Wells Fargo Raises S&P 500 Target to 7,950, Sees AI Bull Market Continuing
N.R. Finch
Wells Fargo raised its year-end S&P 500 target to 7,950, with chief equity strategist Ohsung Kwon citing falling oil prices and accelerating AI capex — a signal that the tech-led bull market is far from over.
Why raise the target now?
Wells Fargo sees two conditions in place: market sentiment has reset after a modest pullback, and the macro backdrop is stabilizing.
This means → the bank reads the recent dip as a pause within an uptrend, not a reversal. Kwon's line: "The directional path for equities remains higher."
The new 7,950 target implies roughly mid-single-digit upside from current levels.
Why is falling oil the key catalyst?
Oil has pulled back to around $70. Kwon expects this to push inflation lower over the next two months.
In plain terms = oil is one of the economy's master cost inputs — cheaper oil drags down transport and manufacturing costs, which makes inflation data look better almost mechanically.
Lower inflation opens the door for Fed rate cuts, providing a floor under equities broadly.

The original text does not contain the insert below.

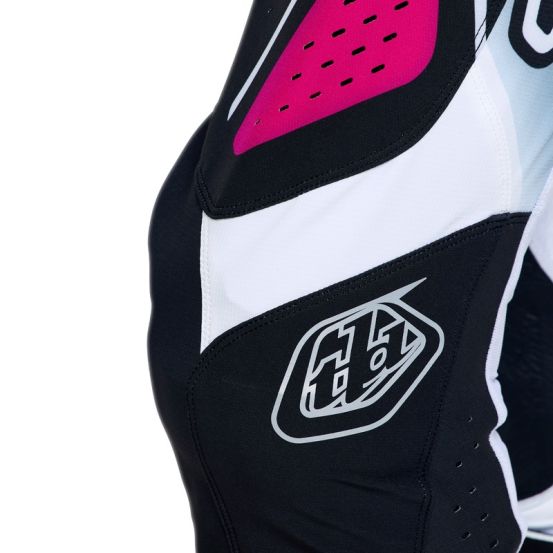 Pantalon cross Troy Lee Designs 2026 SE Pro Salvo - Noir Blanc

Should markets worry about a hawkish Fed?
Kwon argues the market is over-reading the Fed's recent hawkish tone, calling the central bank "actually more balanced than the market perceives."
He concedes, however, that the Fed's net-hawkish stance creates headwinds for the "broadening trade" — the rotation of capital from tech into other sectors.

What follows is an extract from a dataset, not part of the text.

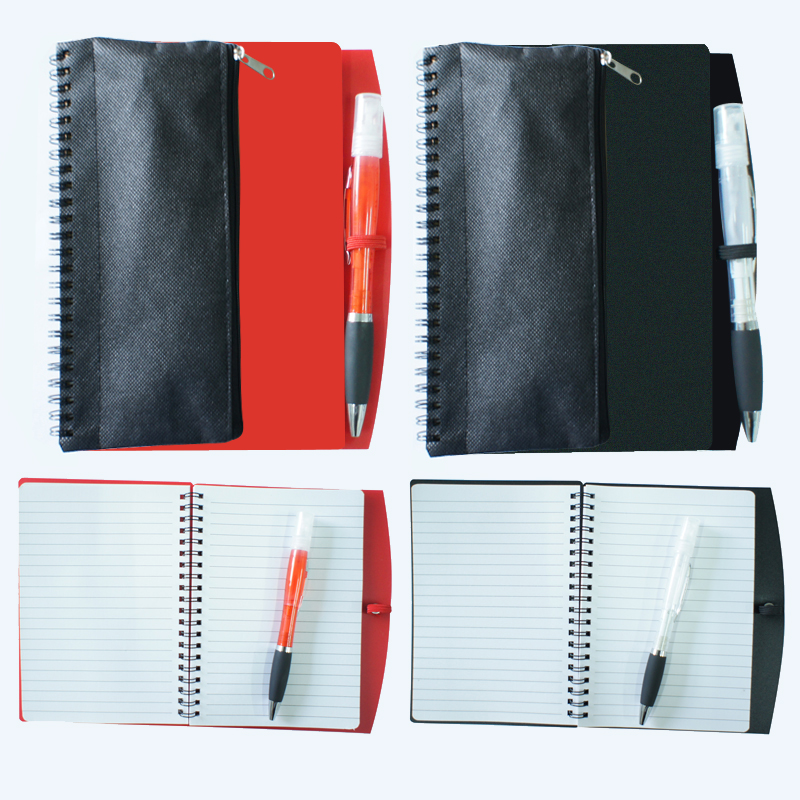 Spiral notebook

This means → sector rotation is unlikely to materialize near-term; capital will probably stay concentrated in tech.
Where exactly is Wells Fargo positioned?
The bank maintains an overweight on the tech sector, favoring what Kwon calls "capex beneficiaries" — specifically semiconductors and AI infrastructure companies.
The case rests on continued AI infrastructure spending by Alphabet, Meta, and other hyperscalers, with orders still growing.

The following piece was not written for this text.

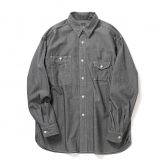 nanamica-Regular-Collar-Chambray-Shirt-Gray-168x168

Kwon: "I think the AI bull market is likely to continue to advance."
Cheaper AI models — won't that reduce compute demand?
The market fears that a shift to lower-cost AI models will shrink compute demand. Kwon sees the opposite.
In plain terms = cheaper models → more companies can afford to deploy them → total compute usage rises. This reflects AI adoption still being in its very early stages.
He also notes that during the recent volatility, semiconductor and AI-infrastructure stocks rallied while other sectors fell — "I don't see a lot of stress in the equity market right now."
What is the key test for this bull case?
One verification point matters above all: whether AI capex actually converts into revenue growth at semiconductor companies.
This means → if the next few quarters show slowing AI-related revenue at names like Nvidia and Broadcom, this bullish thesis faces a direct challenge.
Put simply, the money has been spent — now it needs to show returns. That is the hard constraint on whether this bull run can last.
Content is for reference only, not financial advice.